Annual satellite-derived estimates of outdoor PM2.5 concentrations were developed at 1-km2 spatial resolution across Canada for 2000-2016 and backcasted to 1981 using remote sensing, chemical transport models, and ground monitoring data. Targeted ground-based measurements were conducted to measure the relationship between columnar aerosol optical depth (AOD) and ground-level PM2.5. Both existing and targeted ground-based measurements were analyzed to develop improved exposure data sets for subsequent epidemiological analyses.

Residential histories derived from annual tax records were used to estimate PM2.5 exposures for subjects whose ages ranged from 25 to 90 years. About 8.5 million were from three Canadian Census Health and Environment Cohort (CanCHEC) analytic files and another 540,900 were Canadian Community Health Survey (CCHS) participants. Mortality was linked through the year 2016. Hazard ratios (HR) were estimated with Cox Proportional Hazard models using a 3-year moving average exposure with a 1-year lag, with the year of follow-up as the time axis. All models were stratified by 5-year age groups, sex, and immigrant status. Covariates were based on directed acyclical graphs (DAG), and included contextual variables (airshed, community size, neighborhood dependence, neighborhood deprivation, ethnic concentration, neighborhood instability, and urban form). A second model was examined including the DAG-based covariates as well as all subject-level risk factors (income, education, marital status, indigenous identity, employment status, occupational class, and visible minority status) available in each cohort. Additional subject-level behavioral covariates (fruit and vegetable consumption, leisure exercise frequency, alcohol consumption, smoking, and body mass index [BMI]) were included in the CCHS analysis.

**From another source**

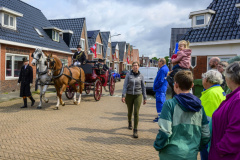 Aubade-Neptunus-bestuur_2798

Sensitivity analyses evaluated adjustment for covariates and gaseous copollutants (nitrogen dioxide [NO2] and ozone [O3]), as well as exposure time windows and spatial scales. Estimates were evaluated across strata of age, sex, and immigrant status. The shape of the PM2.5-mortality association was examined by first fitting restricted cubic splines (RCS) with a large number of knots and then fitting the shape-constrained health impact function (SCHIF) to the RCS predictions and their standard errors (SE). This method provides graphical results indicating the RCS predictions, as a nonparametric means of characterizing the concentration-response relationship in detail and the resulting mean SCHIF and accompanying uncertainty as a parametric summary.

Sensitivity analyses were conducted in the CCHS cohort to evaluate the potential influence of unmeasured covariates on air pollution risk estimates. Specifically, survival models with all available risk factors were fit and compared with models that omitted covariates not available in the CanCHEC cohorts. In addition, the PM2.5 risk estimate in the CanCHEC cohort was indirectly adjusted for multiple individual-level risk factors by estimating the association between PM2.5 and these covariates within the CCHS.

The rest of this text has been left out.